The “High Level Meeting on Excess Capacity and Structural Adjustment in the Steel Sector” was organized by the OECD and hosted by the Kingdom of Belgium. As a result of that meeting, the governments of Canada, the European Union, Japan, Mexico, the Republic of Korea, Switzerland, Turkey and the United States issued a significant statement noting two relevant issues.
First, the “challenges facing the steel industry, have an important global dimension that needs to be address through ongoing international dialogue”; and, second, that “while the challenges facing the industry arise from many factors, such as structural and cyclical economic developments, government support measures have contributed to significant excess capacity, unfair trade, and distortions in steel trade flows.”

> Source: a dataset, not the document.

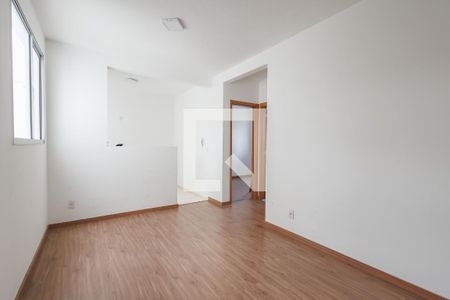 Sala de apartamento para alugar com 2 quartos, 44m² em Jardim Gurilândia, Taubaté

The governments concurred on a number of steps that could be taken to address the challenges facing the global steel industry, including to:
•Ensure that governments and government-supported institutions do not provide subsidies or other support that: 1) sustain uneconomic or consistently loss-making steel plants, 2) encourage investment in additional steelmaking capacity which would otherwise not be built; or, 3) otherwise distort competition,
•Ensure that government plans, policies, directives and guidelines, whether issued or implemented by government entities or government-supported institutions, do not encourage the net expansion of steelmaking capacity and that all uneconomic or consistently loss-making steel enterprises are permitted to exit the market and close facilities.
•Work together to identify and promote policies that address the detrimental impact of steel facility closures on workers and affected communities, while facilitating the closure of uneconomic or consistently loss-making facilities.
•Enhance the exchange of information on: 1) capacity developments; and, 2) the formulation and implementation of the support measures and industrial policies being taken in steel.
•Ensure that those enterprises in which their governments have full or partial ownership do not receive special benefits that distort competition.
Steel producers from around the world welcomed this statement as an important step toward addressing the global steel excess capacity crisis. However, many in the industry also expressed concern that China – the nation which accounts for approximately half of the world’s steel capacity – did not join in the statement.
Ten steel industry associations, representing the U.S, Canada, Mexico, Latin America, Brazil, Europe, and Turkey said this week, “While we were disappointed that the Chinese government was unwilling at this time to join with other governments in a program of actions to address the global steel overcapacity problem, we are encouraged by the support of governments of eight major steelmaking countries and regions to recommend steps to address excess capacity in the steel sector and eliminate market-distorting government subsidies and other support that promotes and sustains excess capacity in the steel sector, distorting competition. We did not expect to solve the crisis in one meeting; however, we did hope that the governments of all major steel producing nations would be able to make commitments on a set of principles and agree to work together to help address the crisis. Despite consensus among many countries who participated, China’s lack of support prevented a broad agreement on these commitments.”
The steel associations recognized that the Brussels meetings were one step in the right direction, and urged the Chinese government to “constructively participate in future discussions at the OECD and elsewhere to address the global steel overcapacity crisis.”
The associations included were the AISI, the Steel Manufacturers Association, the Canadian Steel Producers Association, CANACERO, Alacero, EUROFER, the Turkish Steel Producers Association, the Committee on Pipe and Tube Imports, the Specialty Steel Industry of North America, and the Brazilian Steel Institute.